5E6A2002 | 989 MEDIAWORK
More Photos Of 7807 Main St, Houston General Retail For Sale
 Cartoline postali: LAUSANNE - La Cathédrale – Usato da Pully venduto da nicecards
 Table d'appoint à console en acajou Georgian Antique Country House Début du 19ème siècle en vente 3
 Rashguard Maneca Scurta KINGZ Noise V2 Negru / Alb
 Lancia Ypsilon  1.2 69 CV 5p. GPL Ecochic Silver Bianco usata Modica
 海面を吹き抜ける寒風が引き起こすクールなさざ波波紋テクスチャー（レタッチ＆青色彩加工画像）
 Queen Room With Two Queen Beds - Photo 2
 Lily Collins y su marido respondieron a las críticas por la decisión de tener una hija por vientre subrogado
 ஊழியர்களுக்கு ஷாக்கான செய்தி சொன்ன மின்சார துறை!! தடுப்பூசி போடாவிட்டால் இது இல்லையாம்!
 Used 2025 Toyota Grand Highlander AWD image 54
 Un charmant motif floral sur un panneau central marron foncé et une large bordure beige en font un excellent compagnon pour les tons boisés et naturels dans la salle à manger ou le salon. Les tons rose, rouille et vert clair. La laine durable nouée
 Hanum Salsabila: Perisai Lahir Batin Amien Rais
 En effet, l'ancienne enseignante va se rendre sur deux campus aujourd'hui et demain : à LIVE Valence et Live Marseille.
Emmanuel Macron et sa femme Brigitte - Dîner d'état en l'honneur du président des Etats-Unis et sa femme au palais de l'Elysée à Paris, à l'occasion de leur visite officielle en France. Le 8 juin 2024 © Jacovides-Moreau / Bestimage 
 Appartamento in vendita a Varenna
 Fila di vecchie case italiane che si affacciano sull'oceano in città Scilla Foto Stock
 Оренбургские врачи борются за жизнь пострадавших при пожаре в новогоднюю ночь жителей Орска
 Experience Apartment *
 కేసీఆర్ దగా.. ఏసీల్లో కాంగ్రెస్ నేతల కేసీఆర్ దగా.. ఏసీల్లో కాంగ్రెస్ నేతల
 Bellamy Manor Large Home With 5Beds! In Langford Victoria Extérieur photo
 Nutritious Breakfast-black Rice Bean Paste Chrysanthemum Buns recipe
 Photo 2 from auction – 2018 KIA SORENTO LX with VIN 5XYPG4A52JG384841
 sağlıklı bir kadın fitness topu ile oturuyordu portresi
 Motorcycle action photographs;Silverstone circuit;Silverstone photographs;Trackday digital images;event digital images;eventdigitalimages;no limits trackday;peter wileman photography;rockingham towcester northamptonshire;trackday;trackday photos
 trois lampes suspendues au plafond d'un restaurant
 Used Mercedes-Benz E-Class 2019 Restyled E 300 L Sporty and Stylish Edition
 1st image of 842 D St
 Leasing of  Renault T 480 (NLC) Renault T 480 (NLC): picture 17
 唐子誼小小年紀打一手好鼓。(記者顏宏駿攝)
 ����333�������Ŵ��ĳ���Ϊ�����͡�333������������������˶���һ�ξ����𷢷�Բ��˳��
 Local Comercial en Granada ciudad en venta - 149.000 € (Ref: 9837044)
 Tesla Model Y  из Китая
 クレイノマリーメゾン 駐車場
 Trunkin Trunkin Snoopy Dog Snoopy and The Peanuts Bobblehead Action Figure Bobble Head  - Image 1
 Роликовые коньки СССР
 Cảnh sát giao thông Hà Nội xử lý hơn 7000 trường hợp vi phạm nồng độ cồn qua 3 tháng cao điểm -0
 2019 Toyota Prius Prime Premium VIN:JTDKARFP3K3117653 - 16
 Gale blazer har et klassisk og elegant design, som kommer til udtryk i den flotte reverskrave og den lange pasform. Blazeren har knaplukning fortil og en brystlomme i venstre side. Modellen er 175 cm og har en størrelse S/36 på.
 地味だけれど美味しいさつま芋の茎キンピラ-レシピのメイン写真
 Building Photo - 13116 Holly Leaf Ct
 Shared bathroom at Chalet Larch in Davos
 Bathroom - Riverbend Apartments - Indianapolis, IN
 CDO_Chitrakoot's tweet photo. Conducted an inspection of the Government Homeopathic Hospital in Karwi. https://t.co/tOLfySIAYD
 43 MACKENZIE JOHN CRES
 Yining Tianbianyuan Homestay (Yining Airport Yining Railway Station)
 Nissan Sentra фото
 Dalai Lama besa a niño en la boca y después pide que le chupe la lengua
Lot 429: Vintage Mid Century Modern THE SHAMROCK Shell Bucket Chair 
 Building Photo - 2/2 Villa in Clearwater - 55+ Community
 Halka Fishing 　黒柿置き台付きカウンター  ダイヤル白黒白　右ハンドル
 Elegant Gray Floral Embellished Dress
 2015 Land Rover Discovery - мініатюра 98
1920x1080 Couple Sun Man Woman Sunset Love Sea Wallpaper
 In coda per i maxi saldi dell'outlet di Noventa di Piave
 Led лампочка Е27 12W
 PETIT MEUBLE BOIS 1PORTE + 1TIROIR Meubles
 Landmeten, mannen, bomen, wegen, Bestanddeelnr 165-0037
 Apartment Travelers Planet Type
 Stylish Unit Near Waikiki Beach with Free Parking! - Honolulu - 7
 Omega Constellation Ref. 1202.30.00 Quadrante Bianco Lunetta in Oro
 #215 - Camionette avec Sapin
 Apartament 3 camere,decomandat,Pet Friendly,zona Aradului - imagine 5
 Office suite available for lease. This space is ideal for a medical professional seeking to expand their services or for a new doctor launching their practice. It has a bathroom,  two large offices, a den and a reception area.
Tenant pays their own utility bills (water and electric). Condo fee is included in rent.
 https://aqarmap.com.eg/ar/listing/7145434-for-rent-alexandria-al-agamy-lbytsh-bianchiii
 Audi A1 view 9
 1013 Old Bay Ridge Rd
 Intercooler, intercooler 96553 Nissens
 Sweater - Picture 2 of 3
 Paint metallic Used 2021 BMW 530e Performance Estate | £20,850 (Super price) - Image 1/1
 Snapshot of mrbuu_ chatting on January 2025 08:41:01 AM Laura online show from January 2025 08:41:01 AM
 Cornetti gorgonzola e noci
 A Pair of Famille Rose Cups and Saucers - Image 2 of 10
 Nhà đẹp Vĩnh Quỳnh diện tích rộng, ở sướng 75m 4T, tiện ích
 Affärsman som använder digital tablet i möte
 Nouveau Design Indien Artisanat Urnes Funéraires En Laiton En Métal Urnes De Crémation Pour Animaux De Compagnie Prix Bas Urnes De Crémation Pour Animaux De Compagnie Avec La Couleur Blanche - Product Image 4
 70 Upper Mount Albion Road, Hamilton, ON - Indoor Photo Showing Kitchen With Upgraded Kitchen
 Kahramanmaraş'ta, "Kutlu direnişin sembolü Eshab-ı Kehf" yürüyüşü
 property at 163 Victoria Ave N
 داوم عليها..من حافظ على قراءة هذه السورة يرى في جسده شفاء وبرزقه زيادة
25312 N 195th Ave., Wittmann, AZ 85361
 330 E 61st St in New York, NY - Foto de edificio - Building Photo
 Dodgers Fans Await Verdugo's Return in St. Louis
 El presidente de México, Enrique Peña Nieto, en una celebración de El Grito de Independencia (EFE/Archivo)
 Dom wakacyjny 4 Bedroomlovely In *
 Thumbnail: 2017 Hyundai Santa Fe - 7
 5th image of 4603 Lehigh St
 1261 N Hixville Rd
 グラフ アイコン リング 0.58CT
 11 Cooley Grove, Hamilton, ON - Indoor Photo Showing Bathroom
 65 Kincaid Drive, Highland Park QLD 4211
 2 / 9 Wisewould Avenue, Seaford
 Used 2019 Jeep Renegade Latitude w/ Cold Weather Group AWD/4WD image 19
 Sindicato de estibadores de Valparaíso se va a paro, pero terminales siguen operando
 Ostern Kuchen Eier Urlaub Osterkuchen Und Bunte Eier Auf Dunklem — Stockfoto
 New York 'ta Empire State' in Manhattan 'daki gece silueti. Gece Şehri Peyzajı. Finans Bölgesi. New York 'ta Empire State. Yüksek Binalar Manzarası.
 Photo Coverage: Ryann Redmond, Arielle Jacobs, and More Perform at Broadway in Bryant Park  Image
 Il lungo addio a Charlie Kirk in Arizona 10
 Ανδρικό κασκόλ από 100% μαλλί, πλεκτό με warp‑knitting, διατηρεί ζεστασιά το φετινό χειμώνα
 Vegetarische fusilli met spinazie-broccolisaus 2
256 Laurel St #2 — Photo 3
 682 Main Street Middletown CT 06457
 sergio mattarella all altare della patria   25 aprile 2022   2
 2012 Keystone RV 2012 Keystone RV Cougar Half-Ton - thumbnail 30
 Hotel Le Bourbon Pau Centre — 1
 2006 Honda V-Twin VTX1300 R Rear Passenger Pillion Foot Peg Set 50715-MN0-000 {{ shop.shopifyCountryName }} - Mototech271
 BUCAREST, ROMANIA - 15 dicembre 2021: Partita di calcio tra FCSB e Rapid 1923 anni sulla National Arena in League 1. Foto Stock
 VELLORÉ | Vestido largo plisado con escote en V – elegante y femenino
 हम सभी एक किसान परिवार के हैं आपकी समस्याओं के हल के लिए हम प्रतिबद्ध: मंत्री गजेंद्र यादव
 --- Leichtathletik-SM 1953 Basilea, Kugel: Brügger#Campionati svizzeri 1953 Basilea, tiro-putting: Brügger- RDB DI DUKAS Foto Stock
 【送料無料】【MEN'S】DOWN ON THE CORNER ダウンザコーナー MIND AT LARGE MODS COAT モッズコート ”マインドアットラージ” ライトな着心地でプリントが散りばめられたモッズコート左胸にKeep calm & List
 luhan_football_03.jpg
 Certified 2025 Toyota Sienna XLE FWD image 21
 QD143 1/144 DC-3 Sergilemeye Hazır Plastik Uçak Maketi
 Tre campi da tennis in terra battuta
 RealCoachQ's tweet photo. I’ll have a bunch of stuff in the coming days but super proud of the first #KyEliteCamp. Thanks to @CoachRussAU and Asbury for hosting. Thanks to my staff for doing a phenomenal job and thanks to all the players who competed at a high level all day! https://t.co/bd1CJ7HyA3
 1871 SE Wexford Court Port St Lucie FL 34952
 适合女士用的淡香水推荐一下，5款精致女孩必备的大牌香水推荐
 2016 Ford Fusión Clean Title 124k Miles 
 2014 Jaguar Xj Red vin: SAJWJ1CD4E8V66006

# YOUR ASSIGNMENT
Give the exact lines, and only those, from the line containing "Snapshot of mrbuu_" through the line containing "25312 N 195th Ave., Wittmann, AZ 85361" in the entries above.

# WRITTEN ANSWER
 Snapshot of mrbuu_ chatting on January 2025 08:41:01 AM Laura online show from January 2025 08:41:01 AM
 Cornetti gorgonzola e noci
 A Pair of Famille Rose Cups and Saucers - Image 2 of 10
 Nhà đẹp Vĩnh Quỳnh diện tích rộng, ở sướng 75m 4T, tiện ích
 Affärsman som använder digital tablet i möte
 Nouveau Design Indien Artisanat Urnes Funéraires En Laiton En Métal Urnes De Crémation Pour Animaux De Compagnie Prix Bas Urnes De Crémation Pour Animaux De Compagnie Avec La Couleur Blanche - Product Image 4
 70 Upper Mount Albion Road, Hamilton, ON - Indoor Photo Showing Kitchen With Upgraded Kitchen
 Kahramanmaraş'ta, "Kutlu direnişin sembolü Eshab-ı Kehf" yürüyüşü
 property at 163 Victoria Ave N
 داوم عليها..من حافظ على قراءة هذه السورة يرى في جسده شفاء وبرزقه زيادة
25312 N 195th Ave., Wittmann, AZ 85361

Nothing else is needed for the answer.